**Problem to work on:**
Transcribe the whole listing below without changing a word, but leave out every image.

**Recorded information:**
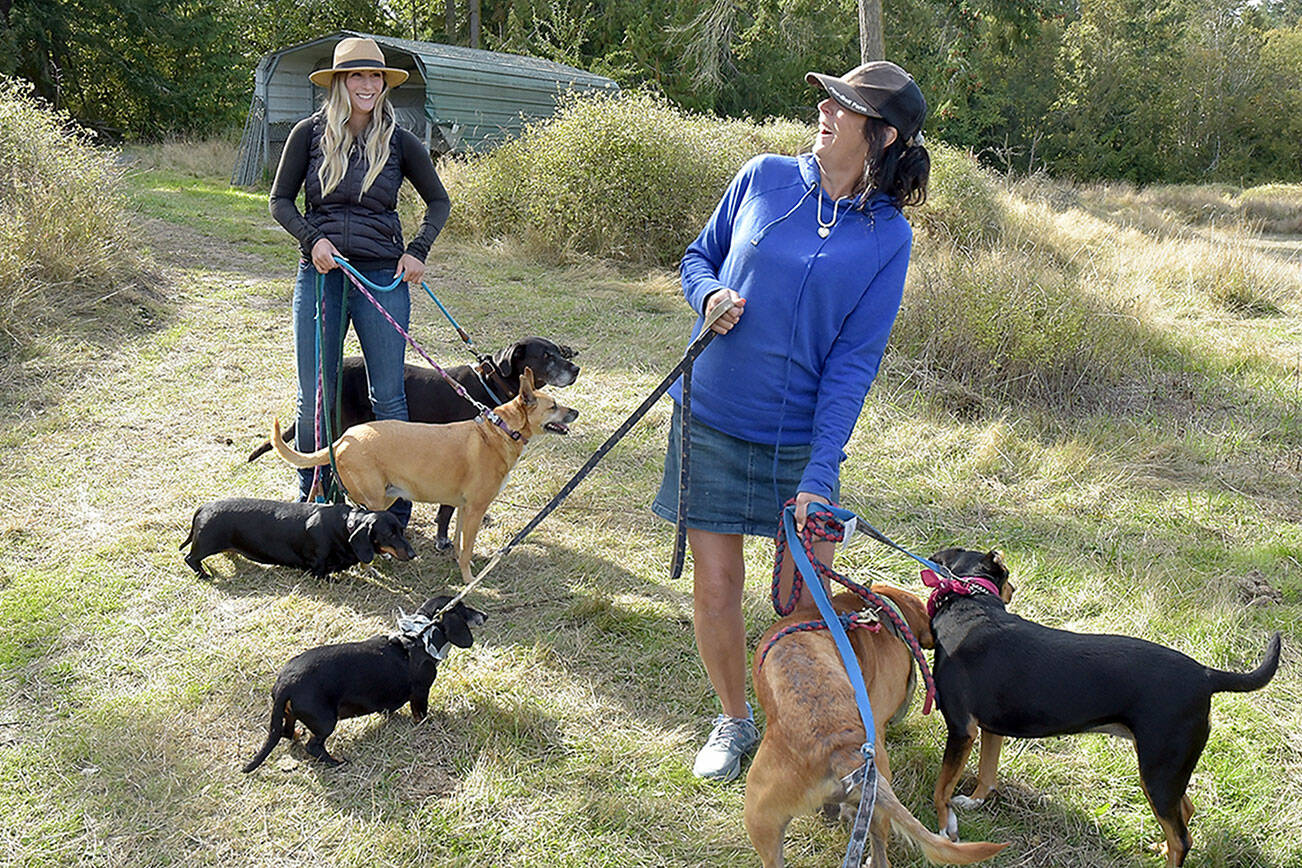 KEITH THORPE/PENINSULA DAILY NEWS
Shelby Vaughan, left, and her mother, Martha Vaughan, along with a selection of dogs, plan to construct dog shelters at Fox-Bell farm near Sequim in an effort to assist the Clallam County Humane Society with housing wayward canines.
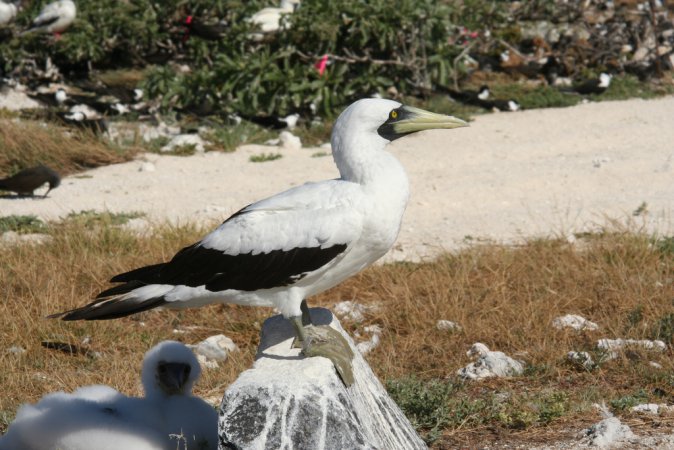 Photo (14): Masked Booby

**Result for this exercise:**
 KEITH THORPE/PENINSULA DAILY NEWS
Shelby Vaughan, left, and her mother, Martha Vaughan, along with a selection of dogs, plan to construct dog shelters at Fox-Bell farm near Sequim in an effort to assist the Clallam County Humane Society with housing wayward canines.
 Photo (14): Masked Booby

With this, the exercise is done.